Les tensions dans le secteur de l’immobilier commercial aux États-Unis a des répercussions jusqu’en Europe. La banque allemande Deutsche Pfandbriefbank (PBB) fait partie des acteurs exposés. Ses créanciers sont désormais plus prudents, tout comme l’agence Standard & Poor’s Global (S&P).
Cette prudence se cristallise, sur le marché secondaire, par une envolée de la prime de risque liée à la détention des obligations du prêteur allemand.
Ainsi, pour ne citer qu’elle, l’obligation Deutsche Pfandbriefbank AG d’une échéance égale au 5 février 2027 assortie d’un coupon de 5% cote désormais aux alentours de 92% sur le marché secondaire.
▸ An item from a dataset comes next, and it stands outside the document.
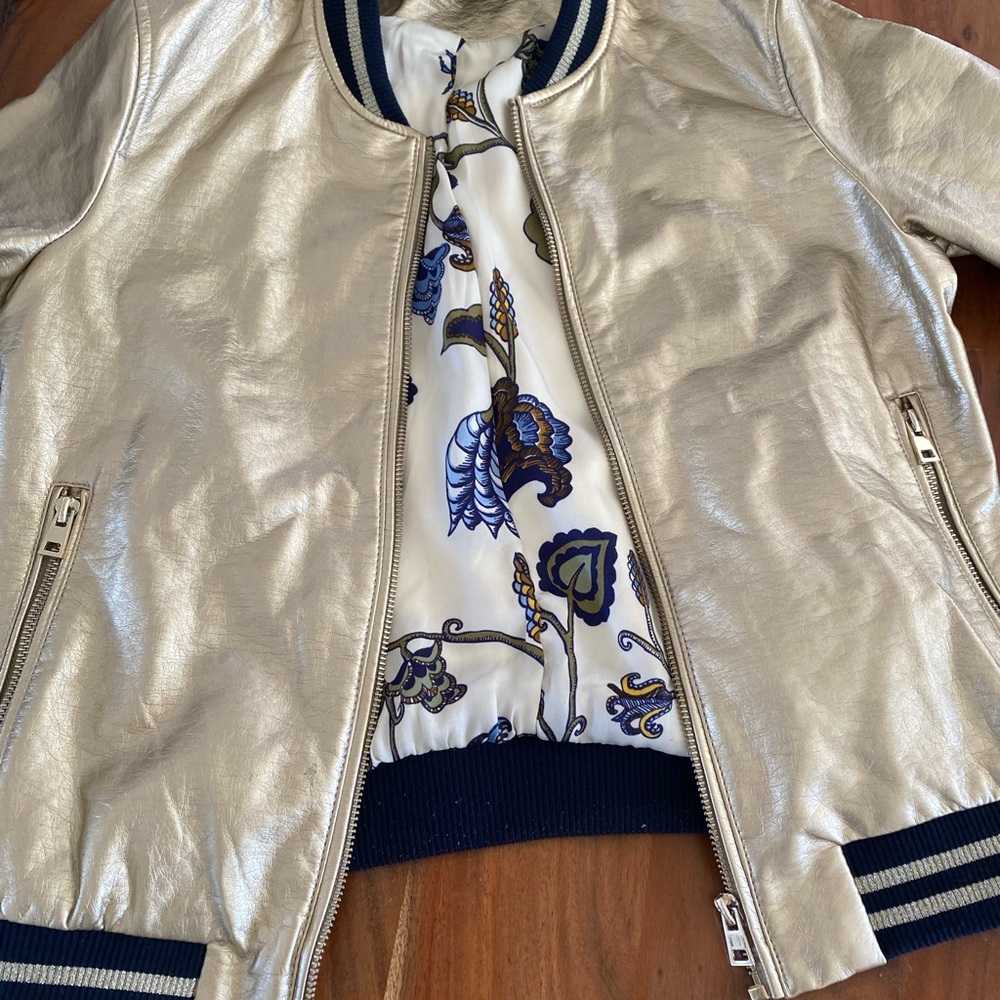 Jacket from Zara!  Gorgeous ! Fun !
Elle se traitait encore au-delà des 103% du nominal fin janvier…. Au prix actuel, l’investisseur peut compter sur un rendement de 8,12%.
Standard & Poor’s dégrade
Cette souche obligataire libellée par coupures de 1.000 euros bénéficiait, jusqu’il y a peu, d’un rating "BBB", dans la catégorie "Investment grade" chez S&P.
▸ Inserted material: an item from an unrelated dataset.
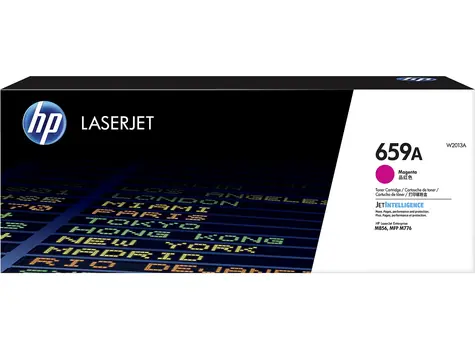 HP 659A originální toner fialová / HP Color LaserJet Enterprise MFP M776 & M856 & M856 DN / 13.000 stran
Mais depuis ce 14 février, les obligations Deutsche Pfandbriefbank ont un peu moins la cote chez S&P, laquelle a décidé de dégrader d’un cran le rating de l’obligation sous revue à "BBB-" contre "BBB". La perspective associée est "négative". En clair: une nouvelle dégradation n’est pas à exclure. Si S&P devait passer à l’acte, Deutsche Pfandbriefbank tomberait alors dans la catégorie spéculative…
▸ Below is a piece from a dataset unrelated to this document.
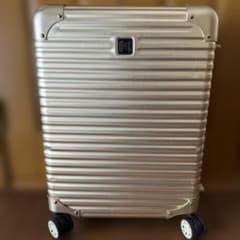 LANZZO VIKLAND アルミ スーツケース 34L アルミ合金 - メルカリ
S&P justifie sa décision par "la pression prolongée des marchés de l’immobilier commercial sur la qualité des actifs de Deutsche Pfandbriefbank". L’agence estime que la banque allemande a "une concentration significative dans le financement de l’immobilier commercial", "un secteur où il y a eu des changements structurels importants, en particulier dans les bureaux et le commerce de détail".
S&P s’attend à voir le ratio des prêts non performants de Deutsche Pfandbriefbank grimper. Elle estime aussi que les conditions difficiles du marché de l’immobilier commercial persisteront cette année, notamment aux États-Unis et en Allemagne. "Cela nous a incité à réévaluer négativement le niveau de risque de la banque", conclut l’agence de notation.
"Des besoins de refinancement largement couverts pour 2024"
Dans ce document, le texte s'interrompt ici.